Niezależnie od wielkości porcji np. ilość drożdży, proszku do pieczenia czy cukru w ujęciu procentowym będzie taka sama
Procenty mogą też uratować sytuację, gdy wiemy, o ile ubędzie składnika podczas obróbki termicznej. Przy pieczeniu ciast to ok. 10 proc. O tyle trzeba więc zwiększyć udział danego produktu.
Przydają się również przy rozpisywaniu receptury, by dobrze dobrać ilość składników do zamierzonego udziału poszczególnych elementów, np. kiedy chcemy, by w kilogramowym torcie biszkopt zajął 30-40 proc. (to dużo), a pozostałą część stanowiły galaretka, owoce i krem. Pomocne, bo w zależności od regionu Polski miłośnicy wypieków mają różne upodobania, np. z mniejszą lub większą zawartością ciasta.
Przygotowanie kremu to lekcja fizyki i matematyki w jednym. Zasady ubijania śmietany są jak algorytm. Produkt: śmietana 36 proc. (idealna zawartość tłuszczu), schłodzona - od 0 do 3 stopni C, ubijanie - do trzech czwartych maksymalnej możliwości jej napowietrzenia.
Natomiast podczas pieczenia korzystamy głównie z umiejętności dodawania i odejmowania. Złota zasada: „produkt cienki - w wysokiej temperaturze, krótko; ciasto grube - w niższej, dłużej”, czasem może nie wystarczyć. Wszystko zależy od rodzaju pieca. Tradycyjne wartości pieczenia podawane są zwykle dla piekarników konwekcyjnych.
- Jeśli mamy do dyspozycji piec wsadowy, ten sam produkt będzie wymagał 10-15 stopni więcej - tłumaczy Szczepański.
Przydaje się też wiedza z lekcji geometrii, szczególnie podczas planowania warstw ciasta i jego dekorowania. Zanim powstanie w rzeczywistości, najpierw schemat deseru cukiernicy rozrysowują na kartce. To pomaga im przekonać się, czy poszczególne elementy mieszczą się, ile miejsca zajmują, czy pasują do siebie. W przypadku piętrowych konstrukcji (np. tortu weselnego) i mas do ich udekorowania (np. ciężkich marcepanowych) cukiernik musi precyzyjnie wyliczyć, jak skomponować poszczególne piętra, by nie zapadały się pod ciężarem kolejnych.

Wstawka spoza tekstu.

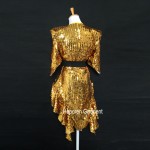 Custom Made Women Sexy Shining Top For Stage Dance,Beyonce Style Bling Bling Coat Jacket Glinted Costume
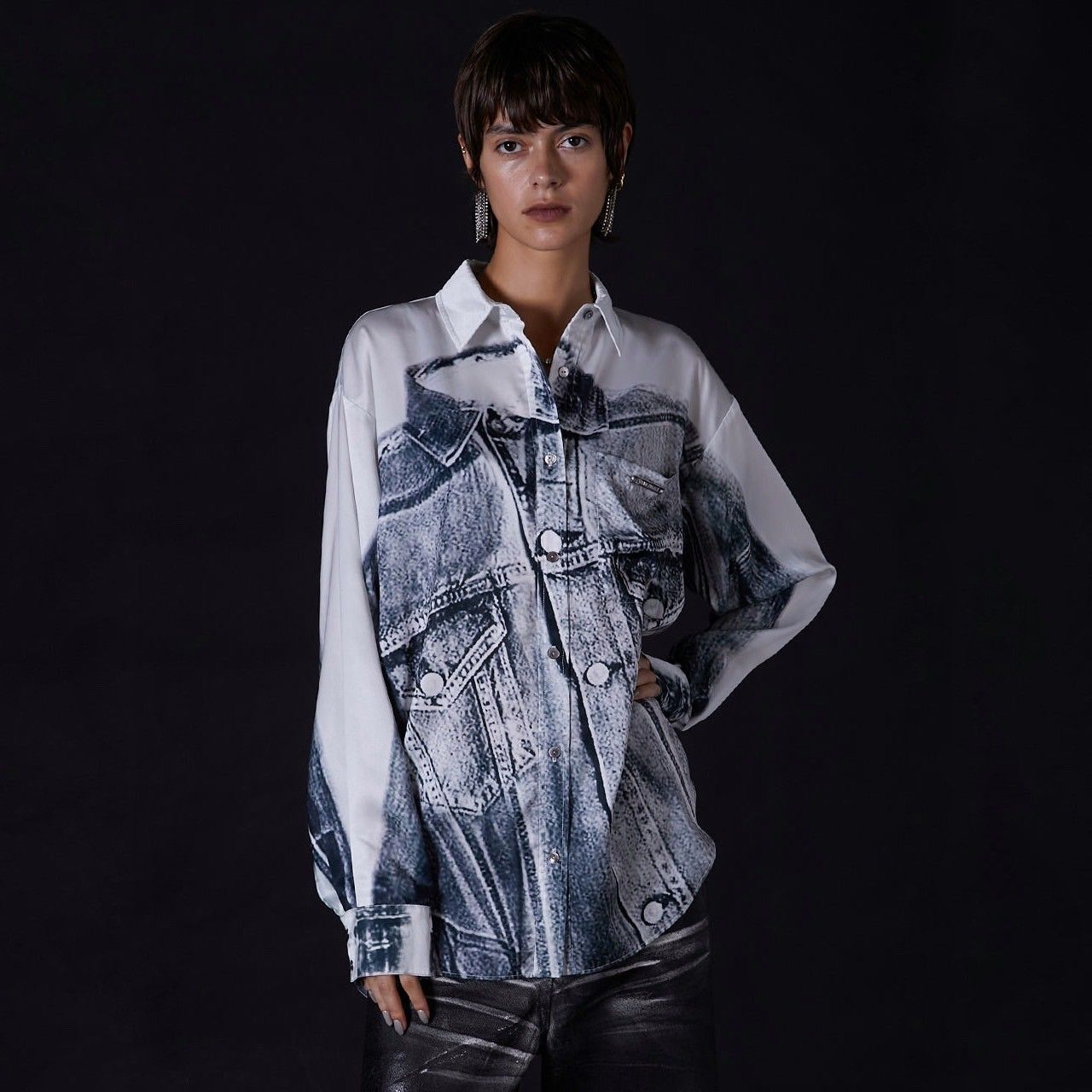 PRANK PROJECT - 【残り一点】Denim Printed Shirt | ACRMTSM ONLINE STORE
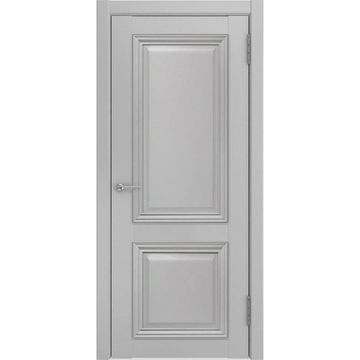 Межкомнатная дверь экошпон Luxor ЛУ-171 серая глухая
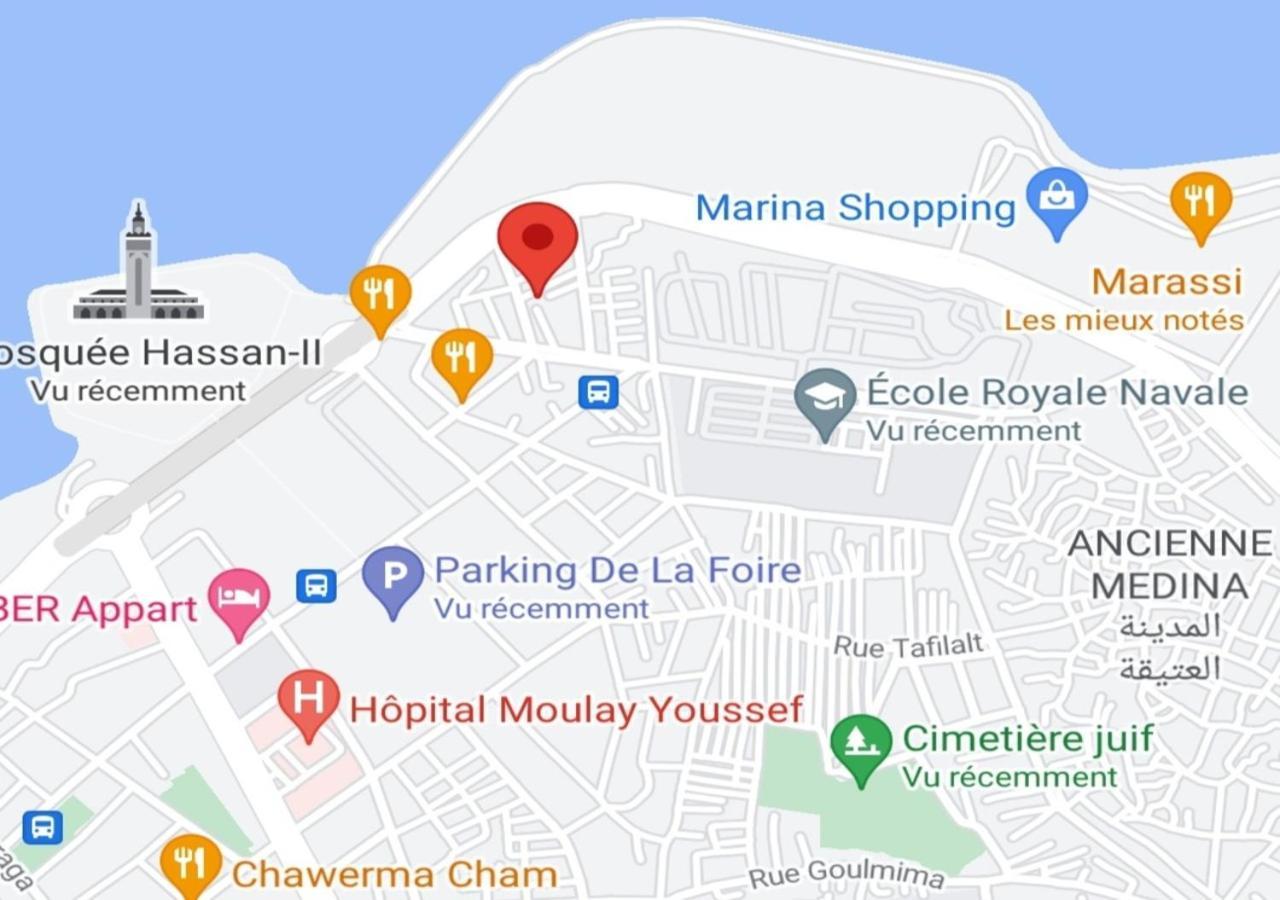 Modern Apartment Opposite The Hassan2 Mosque, Very Well Equipped And Stylish, 85 M2 With Gym And Direct Sea View With Underground Garage , Prohibits Unmarried Couples Of Arab Origin Casablanca Kültér fotó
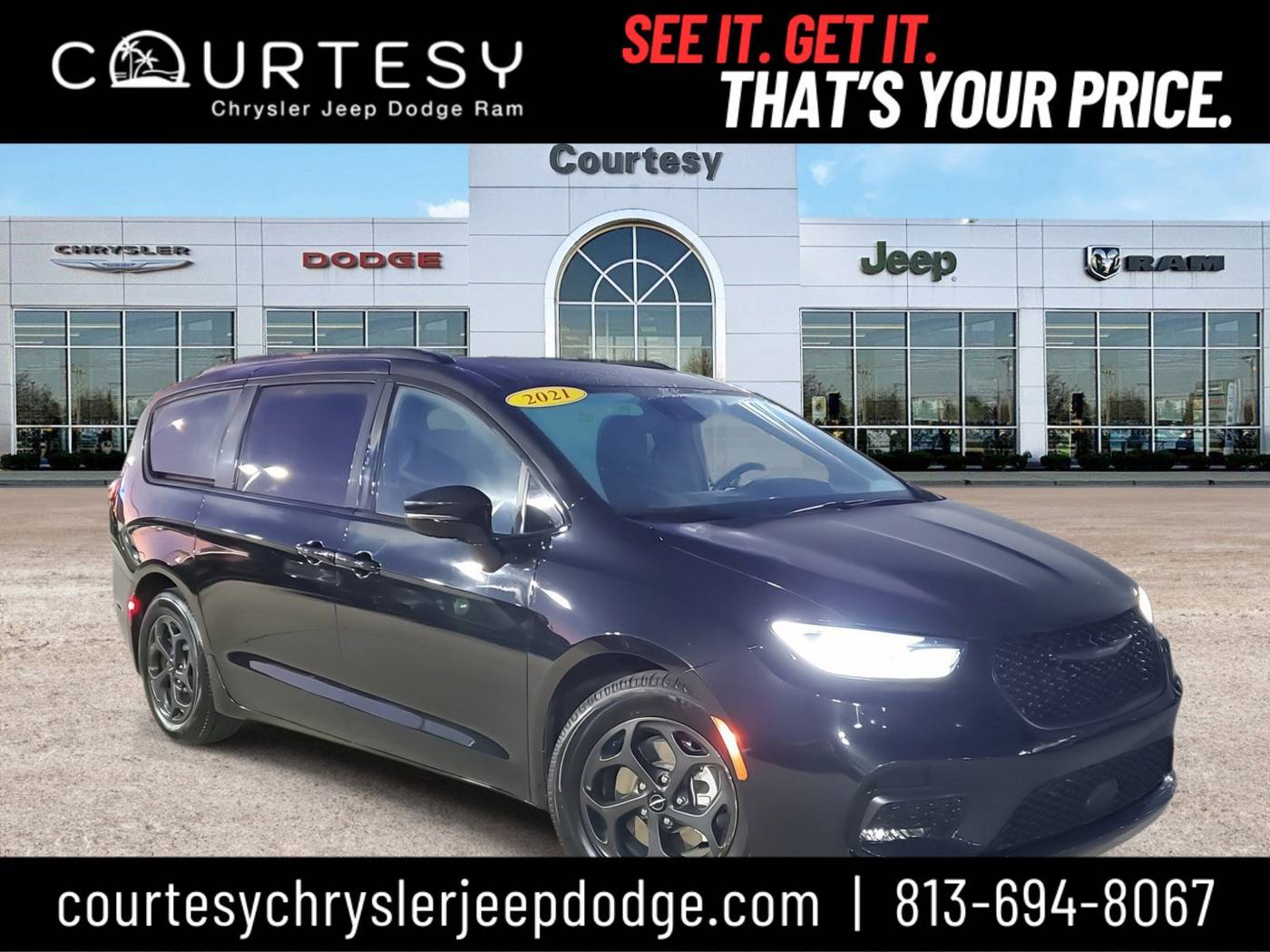 2021 Chrysler Pacifica Hybrid Limited — Minivan — 90,844 mi — Tampa, FL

Ale może być też odwrotnie, kiedy to sztuka pieczenia służy matematyce. Na co dzień udowadnia to dr Eugenia Cheng, brytyjska matematyczka wykładająca w School of the Art Institute w Chicago.
- Pewnego dnia podczas trudnego wykładu jeden z moich studentów powiedział: niech pani wyjaśni to nam za pomocą ciasteczek Oreo. Metafora pasowała do tematu i nagle wszyscy zrozumieli, o czym mowa. Zdałam sobie wtedy sprawę, że mogę tłumaczyć wszystko w matematyce za pomocą kulinarnych analogii - opowiadała Cheng w „Guardianie”.
Matematyczka poszła za ciosem i napisała na ten temat książkę. „How to bake Pi. Easy recipes for understanding complex maths” ("Jak upiec pi. Proste przepisy na zrozumienie złożonej matematyki”) szybko stała się międzynarodowym bestsellerem, a jej lekcje matematyki (często przy pieczeniu ciasta) na YouTubie obejrzano ponad milion razy.